Quand arrivés en bout de course, nous jetons un coup d’œil au dessus de notre épaule pour contempler d’un œil morose le film de notre vie et la manière que nous l’avons gérée… Alors le constat est sans appel, nous aurions voulu nous adonner plus souvent à nos passions et consacrer moins de temps à nous tracasser pour des passages contrariants qui ne paraissent plus importants aujourd’hui…
Le résultat ne se fait jamais attendre, c’est un électrochoc qui sera un excellent conducteur guidé par l’aiguillon d’une symphonie qui suit un chemin nostalgique qui pouvait se dérouler tout autrement, mais sommes nous réellement maitre de notre destin ?
Ces funérailles voulues en forme de jeu de rôle, m’entraînent dans la ville de mon enfance dans un quartier que je connais très bien, où tous les talus et les recoins me sont familiers et ne changent pas d’un iota.
Ce coin du monde a un visage, une âme, une humeur vagabonde.
Quand j’arrive ici, plus que dans les ailleurs que j’ai fréquenté de par le monde, je me sens encore chez moi.

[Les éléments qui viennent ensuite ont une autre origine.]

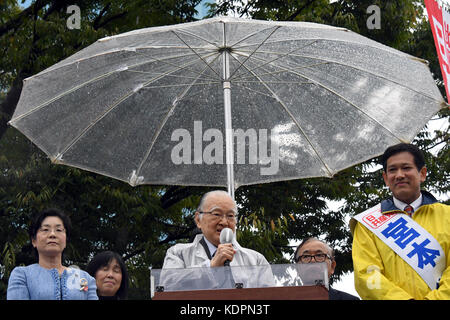 Higashi-kurume, Japan. 15 Okt, 2017. tetsuzo Fuwa, ehemaliger Vorsitzender der japanischen Kommunistischen Partei, Kampagnen für einen lokalen Kandidaten seiner Partei im Oktober 22 allgemeine Wahl während einer Kundgebung an higashi-kurume in den westlichen Vororten von Tokio am regnerischen Sonntag, 15. Oktober 2017. Die Kommunisten die Zusammenarbeit mit anderen Kräften der Opposition im Unterhaus Wahlen suchen Opposition Chancen gegen Premierminister Shinzo Abes Koalition stärken. Credit: natsuki Sakai/LBA/alamy leben Nachrichten Stockfoto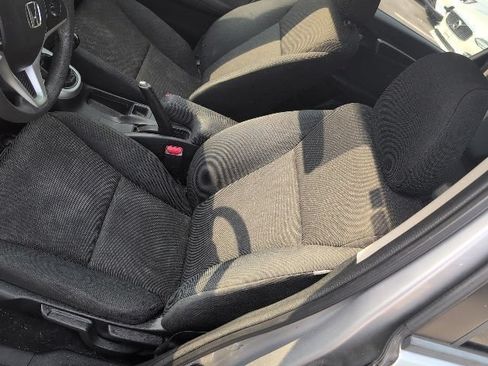 Used 2017 Honda Fit EX image 14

Alors, j’enfile la peau du petit garçon que j’étais, je me précipite, à droite, à gauche, je m’arrête, je respire, rite incontournable et je m’en vais admirer la mer, rituel quasi religieux pour une mise en une ambiance rafraîchissante à souhait.
J’ai mes habitudes, mon banc gris, ancré face à la mer, celui sur lequel personne ne vient jamais s’asseoir. Cet endroit insignifiant est pour moi le centre du monde comme devait être la gare de Perpignan pour Salvador Dali. C’est ici que je peux me fondre en symbiose avec le paysage, c’est ici que je me sens seul face à l’immensité d’une des plus belles plages des eaux de la terre.
Des brassées de vent et de fines gouttelettes d’eau éclaboussent mon visage et nettoient ma tête des pensées les plus incrustées de ma mémoire vivante. J’ai toujours cru que Dieu, lui-même, devait se balader dans le coin.
Méditation oblige, décor grandiose aux couleurs marquées d’une gamme originale de gris qui se confond aux verts les plus insolents, accouplement harmonieux qui affiche un lavis opaque protégé d’un soleil qui paraitrait inopportun au pays des lumières sombres.
Endroit mythique où il m’est possible de mettre fin à un flot incessant d’idées, à ces ombres puantes qu’un assaut de jugements impose à l’image comme un trop plein de certitudes, capacité de perceptions soumises aux préjugés d’une civilisation égoïste qui offre un hébergement salutaire à une société marchande où tout est ruse et la loyauté combine.
J’applique une méthode inédite, celle de fixer mes pensées grâce à un cérémonial de marches et de contemplations, j’apprivoise l’air iodé, je mets un filtre à tout ce qui est préconçu, je m’offre le pouvoir de changer mon rapport avec le monde qui m’entoure, loin des artifices.
Je sais qu’un jour je m’arrêterais définitivement quelque part, n’importe où, ce jour là, je viendrais hanter cet endroit où je prendrais la forme d’un tourbillon de sable qui viendra s’écraser sur le visage d’un promeneur solitaire et lui mettre en tête qu’il est grand temps de prendre conscience de profiter de l’instant éphémère qui lui reste à vivre avant de faire le grand saut pour un ailleurs encore inconnu.